Database Internals & Storage · Topic 112

Memory-mapped files (mmap) for vector storage

Memory-mapped files (mmap) let the operating system map a file on disk into the process’s virtual address space. The program accesses the file as if it were RAM; the OS pages in only the regions that are actually read, which is well-suited to the random-access pattern of nearest neighbor search over vectors in a vector database. This topic covers how mmap helps vector storage, trade-offs, and when to use it.

Summary

mmap maps a file into the process address space; the program reads/writes as if RAM; the OS pages in only accessed regions—good for random-access nearest neighbor over vectors.
VDBs store vector segments or index payloads in files and mmap them instead of loading full files into heap; reduces RAM use. OS page cache keeps hot pages in RAM; HNSW traversal and IVF probe benefit.
Often used for read-only immutable segments; writes go to WAL or mutable buffer. Drawbacks: page faults can make I/O less predictable; writes need copy-on-write or separate writable path.
Common in on-disk and hybrid VDBs to balance memory and latency.
Practical tip: prewarm key pages at startup to reduce cold p99; use mmap for read-only segments and WAL/mutable buffer for writes.
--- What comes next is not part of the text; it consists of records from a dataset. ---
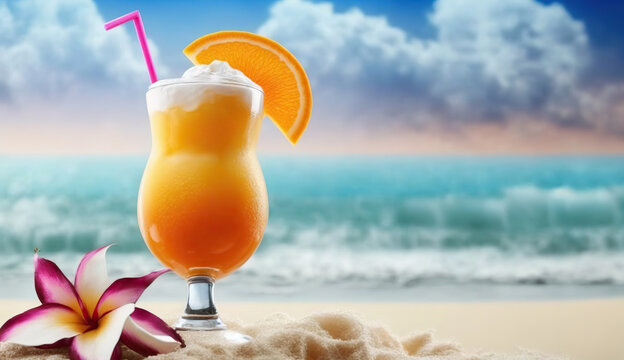 Refreshing tropical orange cocktail on the beach. Copy space. Based on Generative AI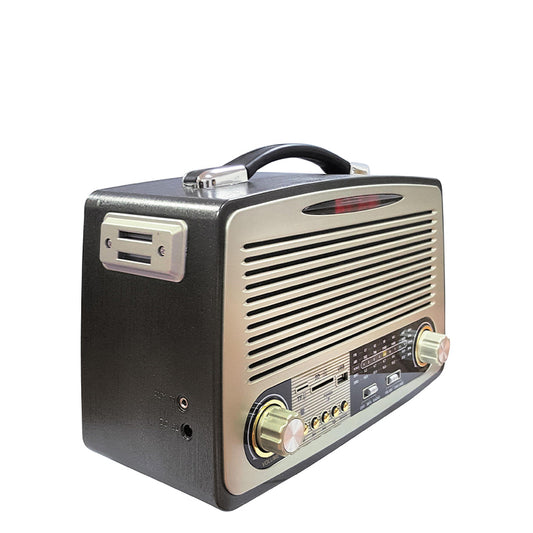 Portable 3-Band Am FM Sw Radio, LED Flashlight, TF Card and MP3 Player, Rechargeable Speakers Bluetooth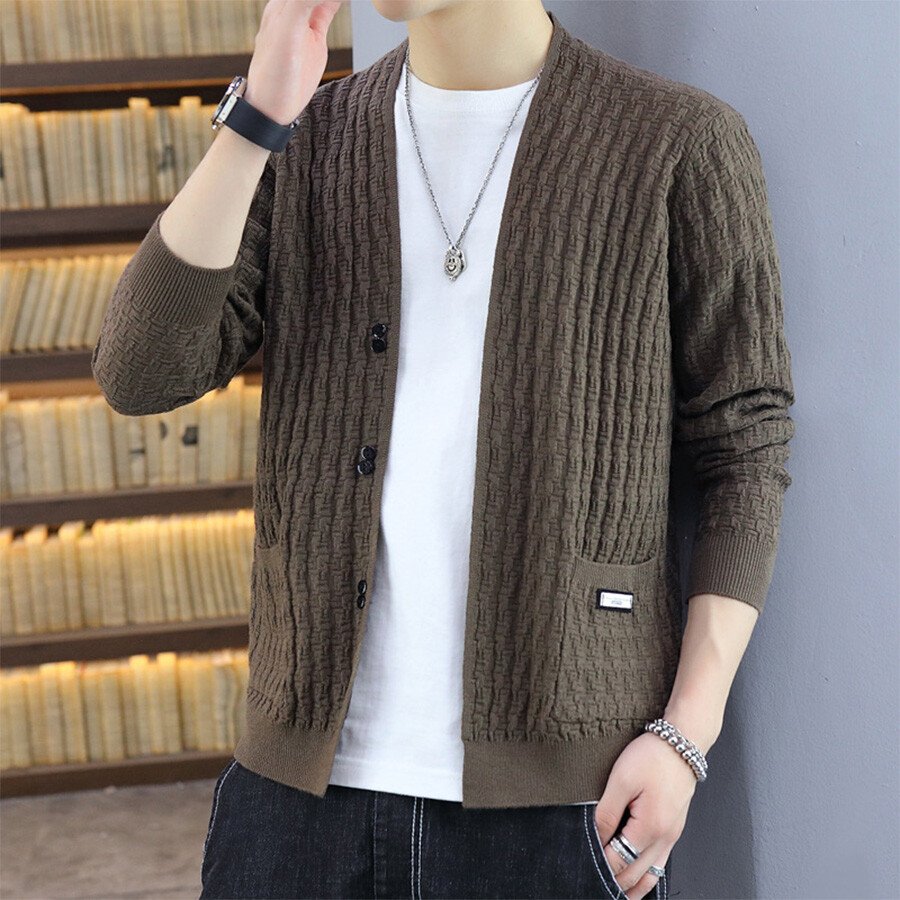 Men's Casual Knitted Cardigan Top Black L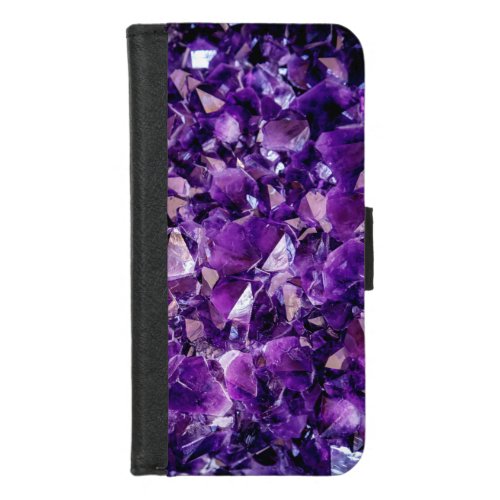 Purple Amethyst Crystal Geode Wallet Phone Case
How mmap helps vector storage

VDBs can store vector segments or index payloads in files and mmap them instead of loading the full file into heap memory. That reduces RAM use (you don’t need to hold the entire dataset in memory), and the OS cache and page cache naturally keep hot pages in RAM. Random reads during graph traversal (e.g. HNSW) or IVF probe benefit from this pattern.

Pipeline: at startup or when a segment is sealed, mmap the file; query touches pages as it traverses the index; OS faults in only accessed pages; hot pages stay in page cache. Writes go to WAL or mutable buffer; new segments are written and mmap’d when immutable. This keeps the read path simple and memory footprint bounded.
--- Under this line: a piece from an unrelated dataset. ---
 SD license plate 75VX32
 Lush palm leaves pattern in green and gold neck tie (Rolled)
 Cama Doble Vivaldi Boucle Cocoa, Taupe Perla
Trade-offs and when to use mmap

Drawbacks: mmap I/O can be less predictable under load (page faults), and writes usually require a different path (copy-on-write or separate writable files). It’s a common technique in on-disk and hybrid VDBs to balance memory usage and latency.

Trade-off: lower RAM use and no explicit load step vs. less predictable p99 due to page faults. Practical tip: for strict latency SLOs, prewarm frequently accessed pages or use in-memory index; for large indexes where full load is not possible, mmap with adequate cache is the standard approach.

Frequently Asked Questions

Why not just read the whole file into RAM?

For large indexes (e.g. billions of vectors), loading the full file would exceed RAM or cause long startup. mmap lets you use only the pages you touch; the OS keeps hot pages in the page cache so repeated access is fast without explicit application-level caching.

Can I use mmap for writes?

mmap can be writable, but in-place updates complicate immutable segment design and crash consistency. Most VDBs use mmap for read-only segments and send writes to a WAL or mutable buffer; new segments are then written and mmap’d when sealed.

Why can mmap latency be unpredictable?

First access to a page triggers a page fault and disk I/O; under mixed or cold workload, many faults can occur and p99 latency can spike. Prewarming (touching key pages at startup) or adequate cache size helps; for strict SLOs, in-memory or preloaded indexes may be preferred.

Does mmap work with tiered storage?

Typically mmap is used for local disk (or fast NVMe). For tiered storage, cold data on S3 is usually read via normal I/O or a separate load path, not mmap, because object storage isn’t a local filesystem. Hot tier can still be mmap’d.